▶ _WHAT TO DO_
Write out exactly the lines running from the line that includes "led pendant 63c69views2" to the end of the data, both ends included, and nothing besides.

Saved data entries
⟨

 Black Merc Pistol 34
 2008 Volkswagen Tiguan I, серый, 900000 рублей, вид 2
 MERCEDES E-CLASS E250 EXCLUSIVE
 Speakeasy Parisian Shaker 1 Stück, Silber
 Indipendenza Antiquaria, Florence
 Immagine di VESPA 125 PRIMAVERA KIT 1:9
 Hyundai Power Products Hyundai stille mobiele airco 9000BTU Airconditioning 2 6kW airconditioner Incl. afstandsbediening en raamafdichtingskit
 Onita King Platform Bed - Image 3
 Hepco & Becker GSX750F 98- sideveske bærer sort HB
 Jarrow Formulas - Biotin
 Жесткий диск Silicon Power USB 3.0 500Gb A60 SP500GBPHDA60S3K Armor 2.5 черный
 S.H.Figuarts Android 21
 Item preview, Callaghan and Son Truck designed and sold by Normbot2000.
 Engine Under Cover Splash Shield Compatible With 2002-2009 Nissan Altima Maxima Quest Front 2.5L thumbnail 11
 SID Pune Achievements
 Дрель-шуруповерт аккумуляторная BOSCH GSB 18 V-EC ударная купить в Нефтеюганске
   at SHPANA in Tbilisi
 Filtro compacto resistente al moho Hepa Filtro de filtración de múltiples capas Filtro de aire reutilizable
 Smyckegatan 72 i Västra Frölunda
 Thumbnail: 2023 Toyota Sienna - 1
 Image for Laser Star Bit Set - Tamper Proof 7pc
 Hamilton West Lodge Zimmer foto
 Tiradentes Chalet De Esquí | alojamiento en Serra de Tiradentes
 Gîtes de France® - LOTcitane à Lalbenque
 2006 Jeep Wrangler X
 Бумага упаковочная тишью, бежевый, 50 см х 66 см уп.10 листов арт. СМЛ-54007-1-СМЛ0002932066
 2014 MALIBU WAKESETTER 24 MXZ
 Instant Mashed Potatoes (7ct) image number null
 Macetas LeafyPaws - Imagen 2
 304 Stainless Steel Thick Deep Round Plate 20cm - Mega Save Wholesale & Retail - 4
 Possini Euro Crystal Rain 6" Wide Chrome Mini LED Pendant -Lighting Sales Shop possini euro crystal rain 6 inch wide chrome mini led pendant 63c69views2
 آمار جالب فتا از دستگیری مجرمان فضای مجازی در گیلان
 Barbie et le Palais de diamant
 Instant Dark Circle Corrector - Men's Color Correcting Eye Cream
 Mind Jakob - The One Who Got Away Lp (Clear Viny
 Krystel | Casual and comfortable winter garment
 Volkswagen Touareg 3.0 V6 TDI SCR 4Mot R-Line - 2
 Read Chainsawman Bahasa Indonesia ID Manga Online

⟩

▶ _RESULT BELOW_
 Possini Euro Crystal Rain 6" Wide Chrome Mini LED Pendant -Lighting Sales Shop possini euro crystal rain 6 inch wide chrome mini led pendant 63c69views2
 آمار جالب فتا از دستگیری مجرمان فضای مجازی در گیلان
 Barbie et le Palais de diamant
 Instant Dark Circle Corrector - Men's Color Correcting Eye Cream
 Mind Jakob - The One Who Got Away Lp (Clear Viny
 Krystel | Casual and comfortable winter garment
 Volkswagen Touareg 3.0 V6 TDI SCR 4Mot R-Line - 2
 Read Chainsawman Bahasa Indonesia ID Manga Online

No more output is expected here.